The United States market accounts for 64% to 78% of worldwide pharmaceutical profits, making the European model economically impossible to replicate without devastating consequences for future drug development. As our previous analysis pointed out, "Europe won't catch up. Neither will China. No other country is prepared to step into the innovation gap the United States represents." Eliminating American profit margins means eliminating the economic foundation that funds global pharmaceutical research.
The projected consequences align with European experience. The CMS Office of the Actuary projected that 9%-19% of drugs would be inaccessible under the 2020 MFN proposal because manufacturers would not sell products at MFN prices, with the American Society of Clinical Oncology's analysis indicating that up to 19% of Medicare beneficiaries would lose access to care. These projections mirror current European realities, where patients routinely face treatment delays, denials, and geographic access barriers under government-controlled pricing systems.
Innovation is Access
For people living with HIV, cancer, rare diseases, and other life-threatening conditions, access to novel treatments represents the difference between survival and suffering. European pricing policies demonstrate that short-term cost savings achieved through price controls create long-term access barriers that cost far more in human suffering and economic burden than the original pharmaceutical investments.
The European experience reveals a brutal truth: government-controlled pricing systematically eliminates the treatments patients need most. Estonian cancer patients rely on charity. Romanian patients require court orders. European patients start GoFundMe campaigns to access treatments readily available in America. These policies have transformed medical innovation into a geographic lottery where your passport determines your survival prospects.

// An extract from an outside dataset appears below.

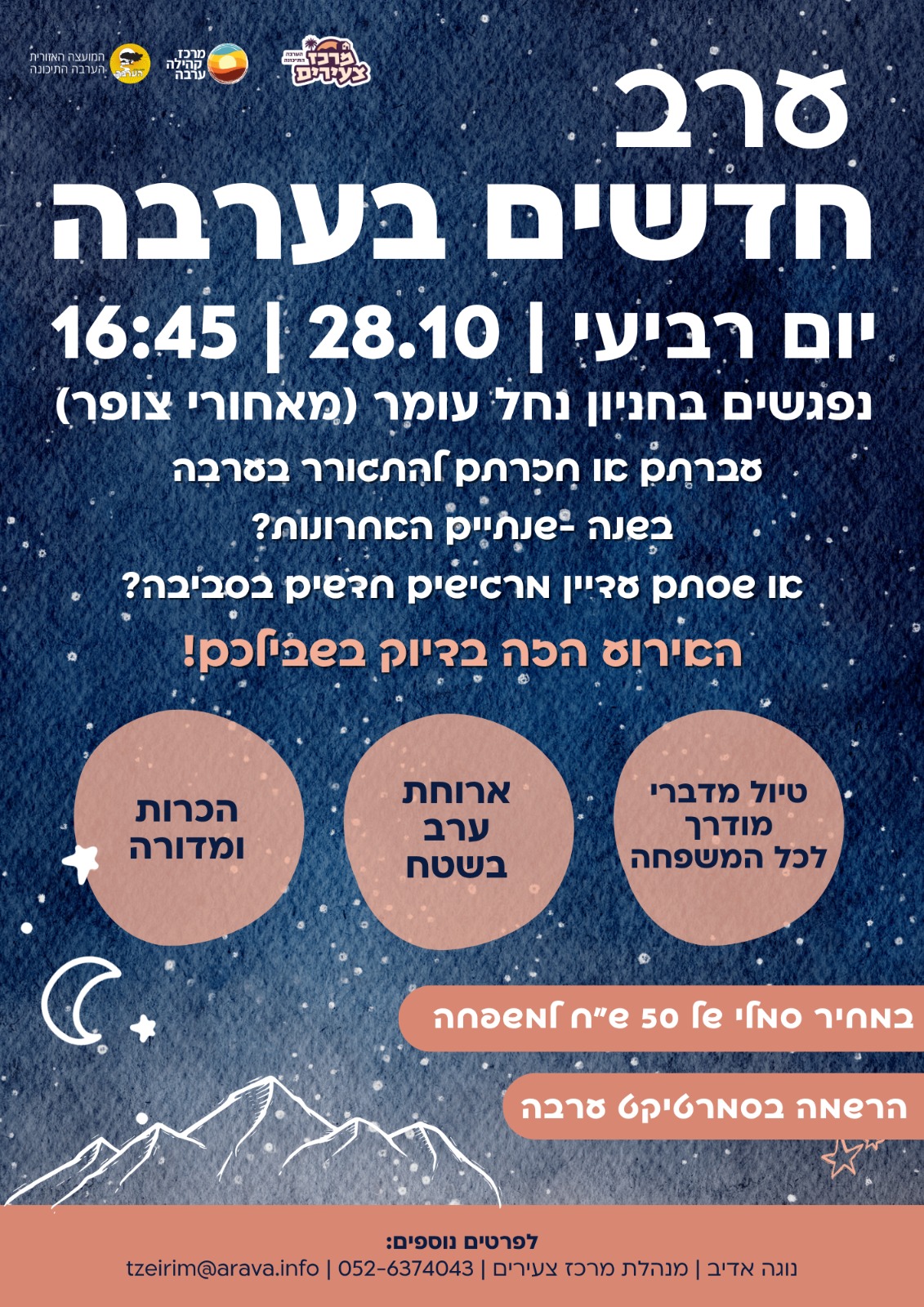ערב חדשים בערבה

U.S. MFN policies follow the same flawed logic, promising immediate savings while systematically destroying the economic foundation that makes future cures possible. The 70% collapse in small molecule research since the IRA, combined with China's emergence as the global innovation leader, proves that pricing policies have consequences extending far beyond budget spreadsheets into the fundamental question of which countries will develop tomorrow's treatments, if they are developed at all.

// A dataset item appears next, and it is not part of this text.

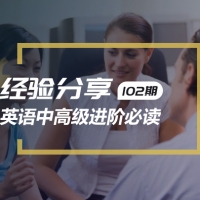 英语中高级进阶提升，你所需要关注的关键点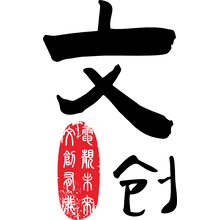 文创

Europe's pharmaceutical desert offers a preview of America's future under MFN: innovation migrating eastward, patients waiting years for approved treatments, and governments prioritizing short-term savings over long-term survival. America faces a hard choice: maintain our position as the country where breakthrough treatments emerge and are accessed first, or follow Europe's path toward innovation rationing and access lotteries. That future remains avoidable, but only if we choose innovation over rationing, access over austerity, and tomorrow's cures over today's pennies.